QuoteI don't think that I quite follow: why is the private car model one that does not reflect reality? Journey times are in reality an important factor in people's choice of transport
Are you certain about this? Firstly the journey time is usually not transparent to the traveler. The train schedule is perhaps the most reliable part of it, but for the car and plane there can be only rough estimates. So this should matter, but only for large discrepancies. If journey time was the major factor, plane and car wouldn't matter for long distance travel in France or Germany.

Most passengers do not base their decision on ratio. This is similar to the 'homo oeconomicus'  models that were popular in the 1980s and '90s failing in economy.

QuoteA (good) player might be able to get better speeds, but, as stated above, passengers in Simutrans-Experimental have an innate preference to use their car that speed alone cannot overcome (although it helps).
But this second part who always prefer cars already is covered perfectly by reducing the available passengers for public transport by, lets say, half the percentage of car owners.
Don't missunderstand me, i do assume that the car ownership should and will be a major factor contributing to reduced ridership. What i doubt is that modeling it in detail, with calculating journeys would have a different effect than doing it based on a simpler statistical model.

QuoteThe ideal solution to that would be to include comfort in the process of selecting passenger journeys, not least because comfort was, in reality, an important source of competition: more comfortable rail vehicles were strategically deployed on lines with the greatest competition.
You already have a factor doing this by basing the revenue on comfort. This is transparent to the players they will optimize it, and they have the means to do it. This also applies to the example. If the player fails to do the optimization, there will be quite a bit of lost profit anyway. (A "reservation only" button would help, to disable overcrowding for a line.)

If you want to introduce a comfort factor in way search might be interesting for competitive network play. Doing it for the car ownership model would be overkill though. If you want to do it, don't use two checks but create a composite score before you optimise. Optimisation problems for more than one variable are evil. In such a case it will hardly matter what and how many factors you include in the route search. You just have to tune your weighting parameters. I don't think this is something urgent at the moment, as the economic simulation doesn't provide a competitive game right now. (Moblet's suggestions are imho more important.)
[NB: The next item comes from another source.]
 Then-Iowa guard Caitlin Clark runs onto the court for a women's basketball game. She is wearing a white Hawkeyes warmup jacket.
So let me conclude this, i think the car ownership should have a massive influence on passenger numbers. I doubt that the high detail of the current implementation is adequate to the rough model behind it. A simple statistical approach would bring equally valid results with less effort. The statistical approach also allows to have a more detailed sociological model behind this system.
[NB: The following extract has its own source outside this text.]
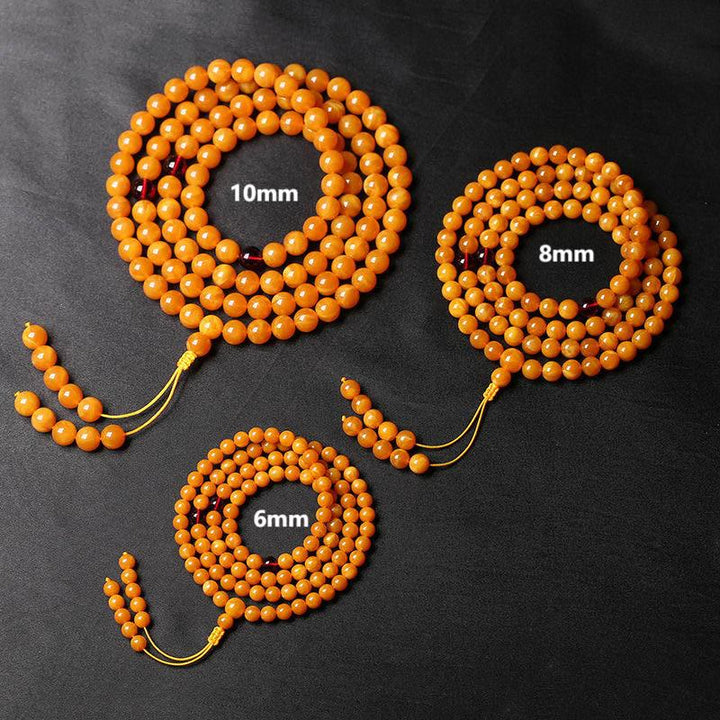 Mala de cuentas redondas de ámbar tibetano con Buddha Stones - image 5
What the car ownership model does at the reducing the ridership based on a global factor. This reduction can be reduced somewhat, but not completely, by a fast service with travel times lower than the possible car travel times determined by the way-finder.

jamespetts

I am quite sure that journey times are a significant factor in people's choices of transportation method, not least because I have spoken to a senior civil servant in the Department for Transport about it! People do have a pretty good idea of how long that a journey will take by car, usually because they have done it before, or they speak to somebody who has. In any event, the relative journey times is not the major factor. It is a factor. Congestion is a more significant factor.
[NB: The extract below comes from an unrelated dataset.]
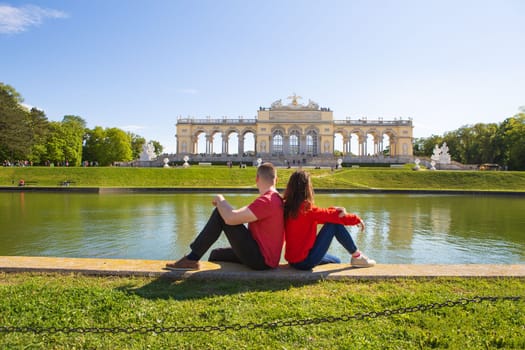 Beautiful sunny day, Sch nbrunn Palace, residence in Vienna, Austria. A girl and a guy are sitting near the fountain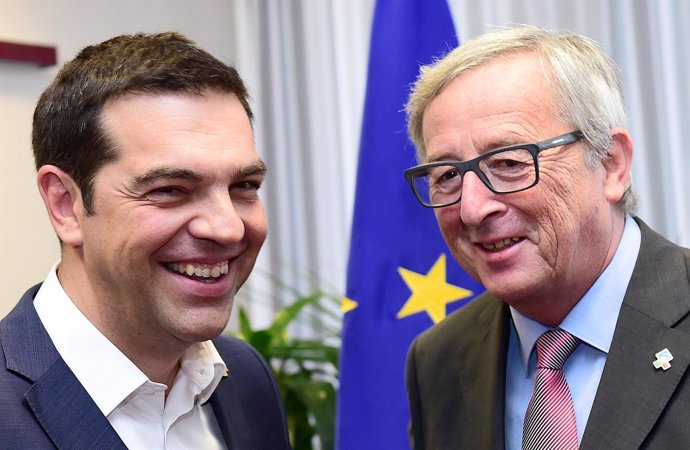 Greek PM Tsipras poses with EU Commission President Juncker ahead of a meeting i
If the statistical model is no better than the current implementation, there is no need to change something that works. If the problem is performance, then, if the proposed changes to the route-finding for private cars discussed on the other thread do not suffice, then the simple answer would be for those playing on larger maps to set "assume_everywhere_connected_by_road=1". This would be unfortunate, however, as it would mean that towns on an island, for example, would be treated as if they were connected to the mainland, and players' boats or aircraft suffer disproportionately as a result.

The car ownership system does far more than reduce rider ship based on a global factor: it is intended to (and does) simulate the competition between private and public transport. That competition should reflect the relative merits of those two systems at a local level: if the player's trains are fast and frequent in a particular area, fewer people should use their cars; if the roads are particularly good in another area, fewer people should use the player's transport, and so on.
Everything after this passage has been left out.